Your main menu should be much bigger, ideally a horizontal set of pictures or text links that span the width of the content and go just beneath the top graphic.  As you have it, your latest reviews are bigger than your primary navigation, which implies that you're emphasizing reviews more than basic navigation.

And your poll needs login priveleges.  It shouldn't.


----------



## azrad (Aug 27, 2003)

hi firefusion...

i have gone through your website... honestly, it looked horrible... you might want to use ' white color background ' for textarea... 

on the header, you might want to use montage (i hope this is the right spelling...) of MAC Games... 

the background is nice... i like it...

and do try to use about 95% of your content width since you limit your web page to just 800px width...

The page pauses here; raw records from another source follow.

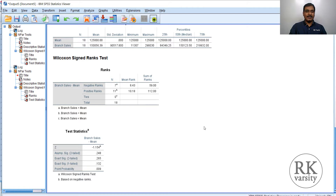There is no difference in the daily average revenue generated by different branches in this particular city compared to the national average. This is how you calculate the Wilcoxon signed rank test to check the equality of differences, either from a mean value or a median value. Thank you for listening to the lecture.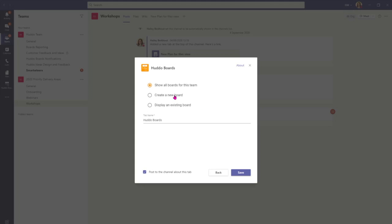For this example I'm going to create a new board to add to our team. I'll give our board a name and I'll press save.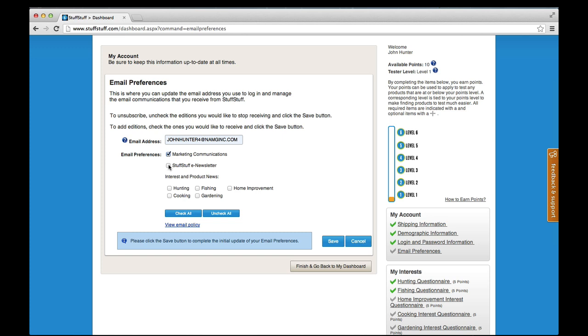Subscribe to the StuffStuff e-newsletter to keep up to date on the exciting things happening on StuffStuff, from new products to new point earning opportunities.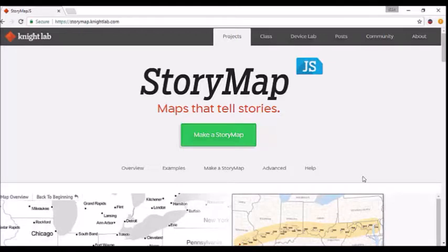Hi, my name is Sam Wiseman. I'm a student intern at the House Divided Project, and today I'll be showing you how to make a StoryMap JS.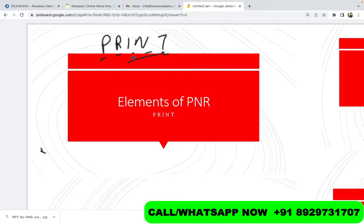Travel Academy English is a new channel that we have created. We have a channel of Travel Academy in Hindi, and as requested by many people, we've started this English channel. I'd really appreciate if you like this video, subscribe to the channel, and hit the bell icon for more such videos. You can also join our Telegram channel — the link is in the description — and play the daily quiz to enhance your travel knowledge. For news and updates, you can join Travel Academy on Facebook and Instagram.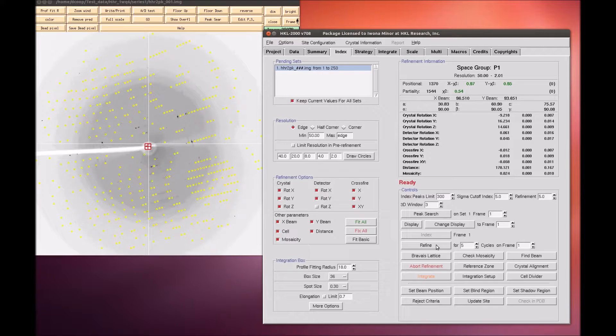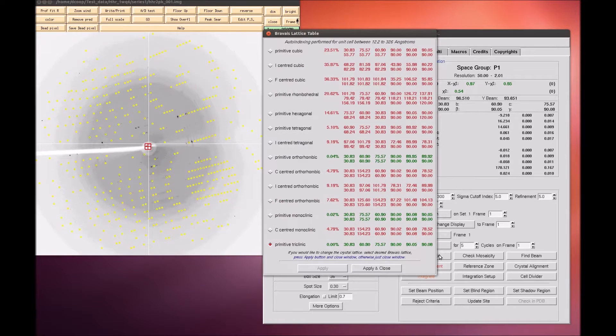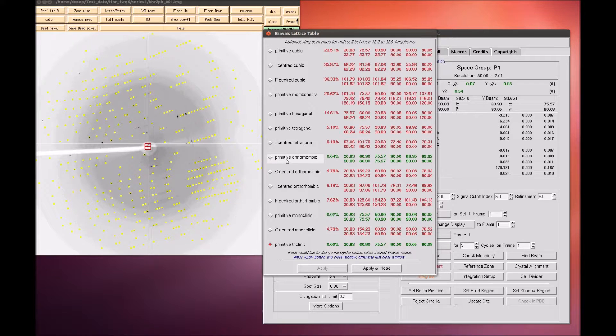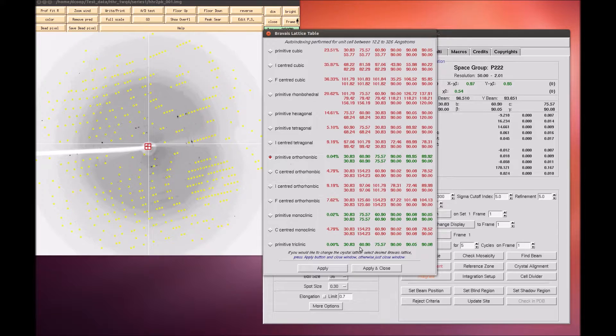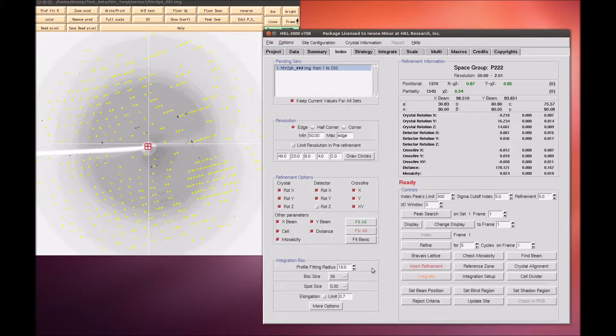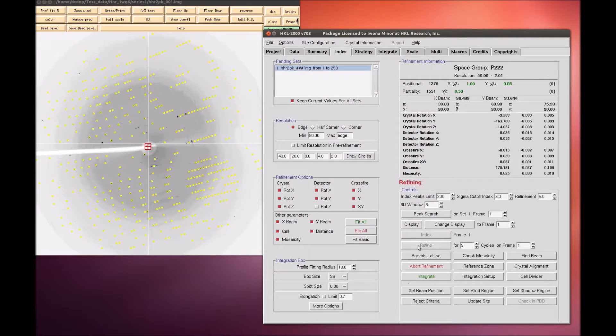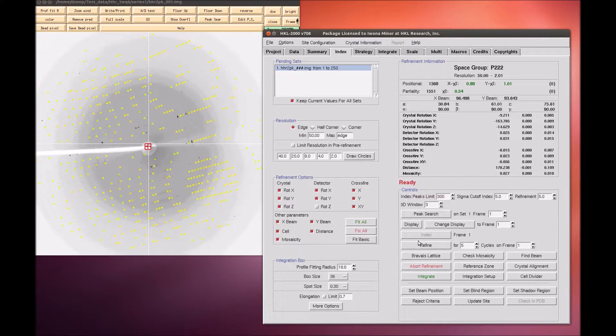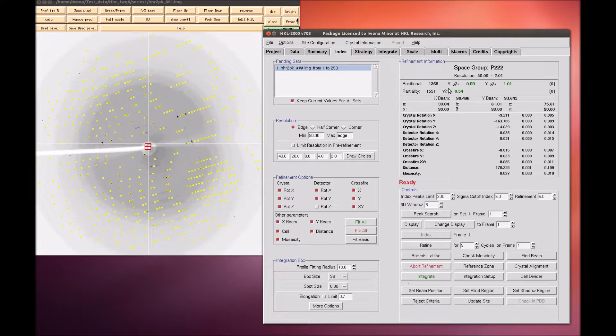At this point, revisit the refine lattice table and notice that the primitive orthorhombic class is the highest symmetry lattice with a low correlation coefficient. Select this lattice and apply and close this window. Click refine a few more times to ensure that the fit is still good. If the chi-square values shoot up dramatically during refinement, you should abort the refinement and re-index the data.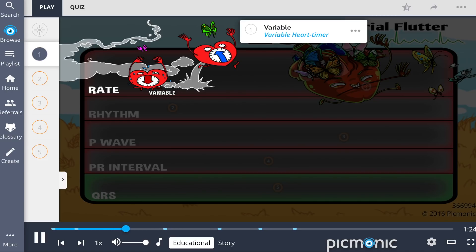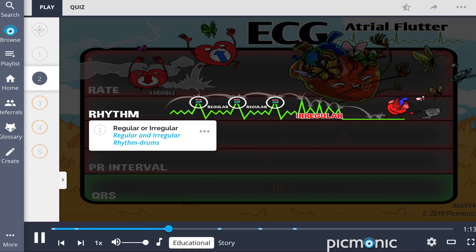The atrial rate typically ranges between 200 to 350 bpm, while the ventricular rate, based on the conduction rate, is approximately 100 bpm. Although atrial rhythm is regular, ventricular rate may be irregular in individuals with atrial flutter. This regular or irregular rhythm is illustrated by the regular and irregular rhythm in the ECG strip.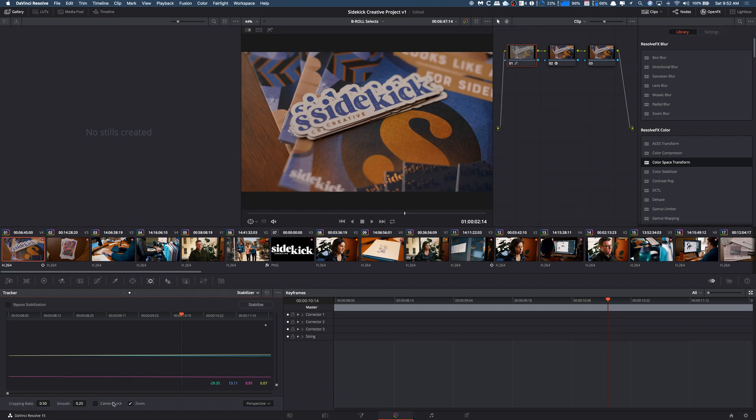Of course, if you had a handheld shot that you wanted to look like a tripod shot, you could actually click camera lock. If you're getting some weird wobbly zooming, you might want to click off zoom and see what's going on, then see if you want to check that back on and off.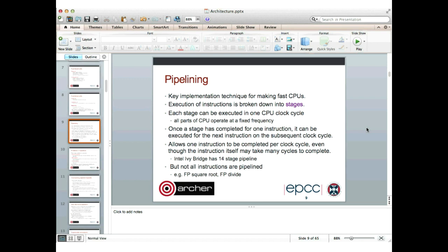Some special instructions cannot be pipelined. For scientific programs, the important ones are floating point square root and floating point divide — on most processors those are not pipelineable, taking maybe 20, 30, or 40 clock cycles, with only one executing at a time. So if we have lots of square roots, we only get one result every 30 clock cycles or so. It's therefore important when optimizing code to avoid lots of divides or square roots in innermost loops, since the hardware is much less efficient handling those than addition and multiplication.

i hope this will help... keep up the good work...


----------



## firefusion (Aug 27, 2003)

appreciate the comments guys 

hopefully i can code a new site with better accessibility and better design. really do appreciate the help. thanks


----------



## Arden (Aug 27, 2003)

Want some help?


----------



## firefusion (Aug 27, 2003)

help with..coding it? or..


----------



## Arden (Aug 27, 2003)

Design or coding.  I'm not a PHP person, but I can do HTML, CSS and Javascript, plus Photoshopping.


----------



## firefusion (Aug 28, 2003)

hmmm. indeed, that would be wonderful. can we talk on AIM or MSN, or some other realtime chat?


----------



## Arden (Aug 28, 2003)

http://www.macosx.com/forums/member.php?s=&action=getinfo&userid=11525


----------